The cultural appropriation of South Asian culture has become an increasingly popular trend, one that is often met with little resistance by mainstream communities. After all, isn't it a kind of flattery to have one's culture utilized in advertising, picked up by celebrities and influencing mainstream popular culture?
Actually, no.
The problem with the commodification of culture in this careless manner is that it's dangerous for South Asian and diasporic communities – it presents South Asian culture as a complete, fragment-free, unified category. What we wind up with is more Orientalist perspectives circulating through movies, magazines and stores, more South Asians having to answer for an entire group of individuals about everything from food to yoga, and more ignoring national, gendered, class and sexual differences within the community.
Furthermore, the appropriation of culture is a small and insignificant step in the process of "having arrived" in society. Bindis may have been acceptable for Madonna and Gwen Stefani to wear, but South Asian women who have worn them in public have faced racist acts of violence in their communities as a result. An oversimplified understanding of culture has not done anything for a larger racial justice movement and has surely done nothing to stop the stereotyping of a community.
I also find it completely unacceptable for a feminist publication to blatantly marginalize women of color as a result of their appropriation of culture.
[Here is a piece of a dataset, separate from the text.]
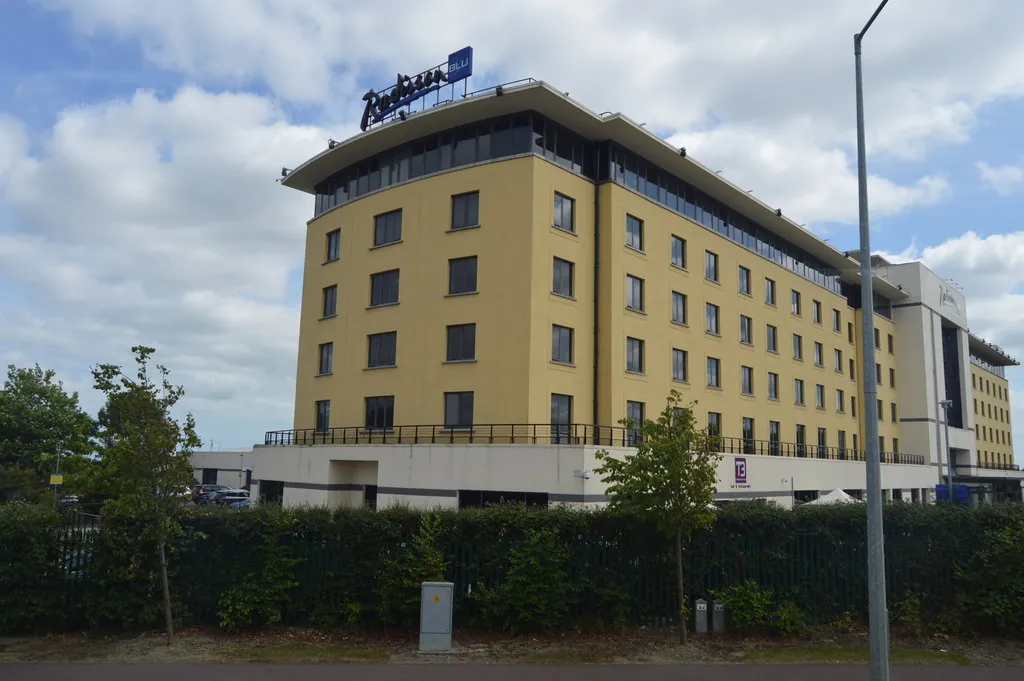 Où dormir près de l’aéroport de Dublin ? Cinq hôtels pour simplifier votre départ 2 Archive du bâtiment du Clayton Hotel Dublin Airport Central sous l’enseigne Radisson Blu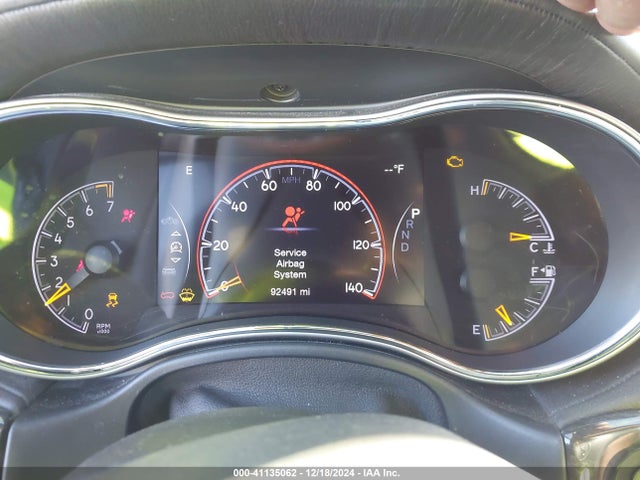 1C4RJFCG0KC726605 Jeep Grand Cherokee Overland 4x4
It is a reminder of the divided nature of the feminist movement, and the continued tendency of white feminists to participate in the exoticization or "Othering" of women of color.
I'll leave you with an excerpt and link to Sandip Roy's "My Kitsch is Their Cool," an excellent article published in ColorLines about the effects of appropriating South Asian culture:
"When I first came to the U.S., Americans asked me about that 'dot on the forehead.' Now, Madonna wears a bindi. Bollywood borrows Hollywood plotlines (well, two or three for one three-hour film). Now, the Kronos Quartet reinterprets Bollywood composer R.D. Burman. Birthday cards are reproducing old kitschy Indian matchbox covers. Body-hugging T-shirts worn by gay guys in the Castro say “San Francisco” in Devnagari script. There are even Bollywood appreciation classes at universities. My kitsch has become their cool.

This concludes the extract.